February 03, 2020
How Security Assessments Help Protect ICS and SCADA Networks
A service provider can spot vulnerabilities and improve the defenses of your industrial controls.
In recent years, these systems have become increasingly interconnected with IT systems and IoT networks as companies strive to improve efficiency and profitability through greater automation and better data analytics. But these improvements come with a cost: Connected systems represent a target for cybercriminals and can provide an entry point for attacks. As a result, the need to protect SCADA systems is more urgent than ever.
Here are three measures organizations should take to assess — and improve — the security measures surrounding their SCADA systems.
1. Security Assessment
In instances where SCADA systems have unmitigated vulnerabilities, it’s usually not because internal cybersecurity staffers are indifferent to (or even unfamiliar with) existing threats and how to guard against them. Rather, internal staffers are often “too close” to their own environments to see them clearly. Assessing security measures with help from a third-party expert with a different perspective can reveal unseen potential for increasing an organization’s security posture.
In addition, SCADA systems often include legacy operating systems and software that is difficult or impossible to patch. Clearly identifying these resources in the environment is critical.
By working with a partner such as CDW to conduct a security assessment of their SCADA systems, companies can attain a clear understanding of their vulnerabilities, as well as ways to shore them up. A thorough security assessment will include a physical security audit, a risk analysis of network-connected assets and applications, a standards-based operational framework gap analysis, and a compliance assessment.
2. Penetration Testing
A penetration test can give companies a realistic sense of how well their security measures hold up under the real-world conditions of a cyberattack. In a penetration test, “white hat” hackers run simulated attacks on a company, trying to infiltrate its network and access its data and systems. Here again, companies often rely on third-party partners such as CDW, both for their expertise and their objectivity.
As they make their way through various tasks, penetration testers document each vulnerability they uncover, such as unmanaged devices or systems that rely on inappropriate trust relationships. Then, the testing team reviews all vulnerabilities discovered and prioritizes them. Sometimes, multiple vulnerabilities may give hackers a path to escalate their attacks throughout an organization.
Throughout the process of a penetration test on a SCADA or industrial network, it is important to remember the sensitive nature of some systems. Penetration tests on these networks must be done slowly and methodically to assure no disruption to the manufacturing process. Any scan on such an environment should be handled by a senior engineer who has experience and understands the possible effects the tools used could have on the environment.

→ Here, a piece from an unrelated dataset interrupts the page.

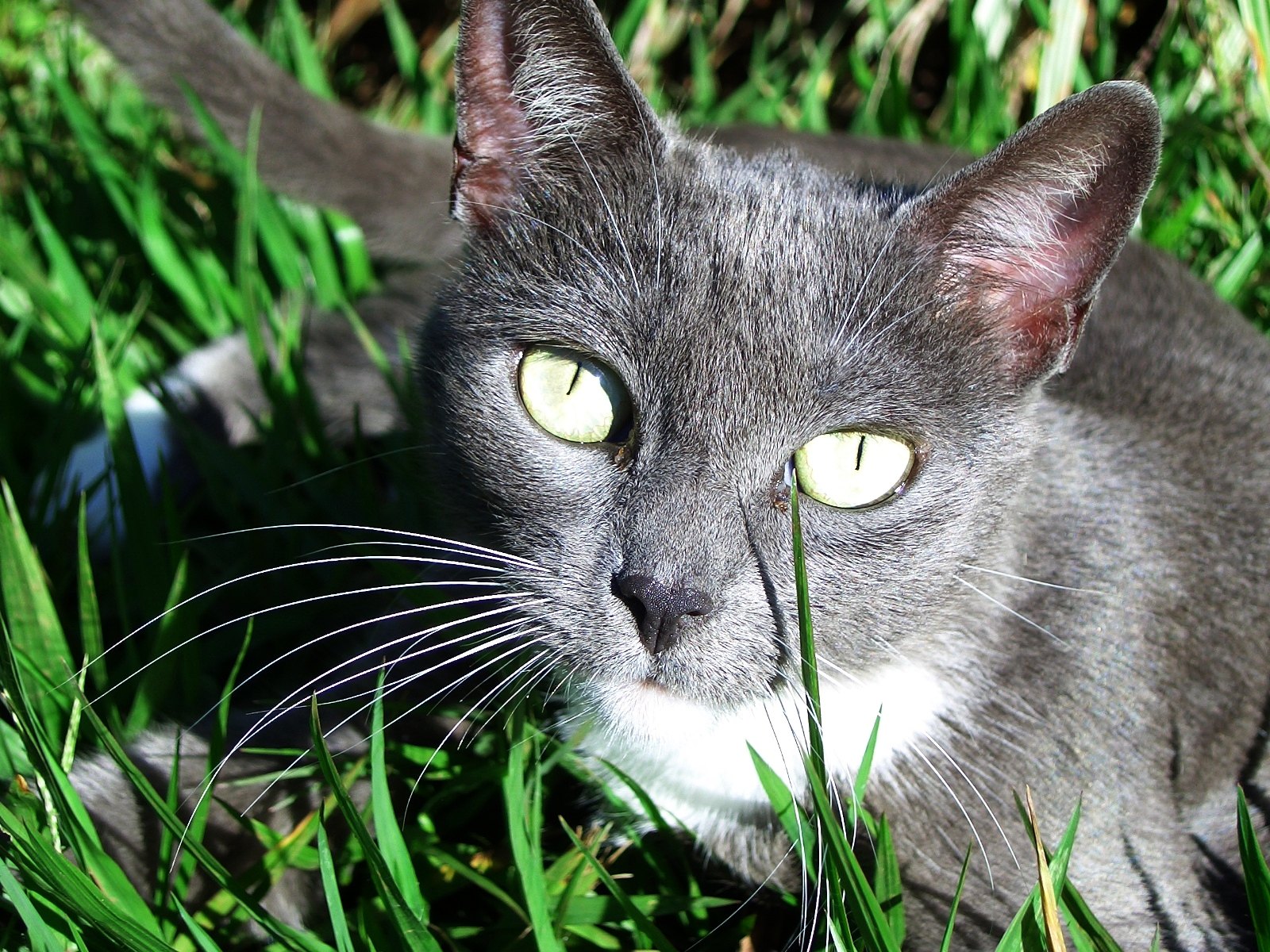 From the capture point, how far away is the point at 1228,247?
2.50m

3. Security Design and Architecture
After assessing their security environments, testing their defenses and prioritizing vulnerabilities, organizations must come up with an effective plan to shore up their SCADA security, such as implementing network segmentation. This plan should include improvements related not only to technology but also to people and processes. It very well may be the case that an organization needs to deploy sophisticated security controls such as next-generation firewalls, network access control, next-generation endpoint protection, as well as network visibility tools. Companies often also need to adopt more effective password policies and beef up employee training around phishing and other social engineering attacks.
This is another area where CDW can help. Our experts have extensive experience and can provide recommendations for solutions that have worked for other companies with similar SCADA environments. CDW also facilitates workshops to prepare for implementing advanced security technology such as network segmentation.
The physical and digital worlds have become inextricably connected. By assessing their environments — and by taking action based on their findings — companies can ensure that they have the tools and practices in place to safeguard their systems.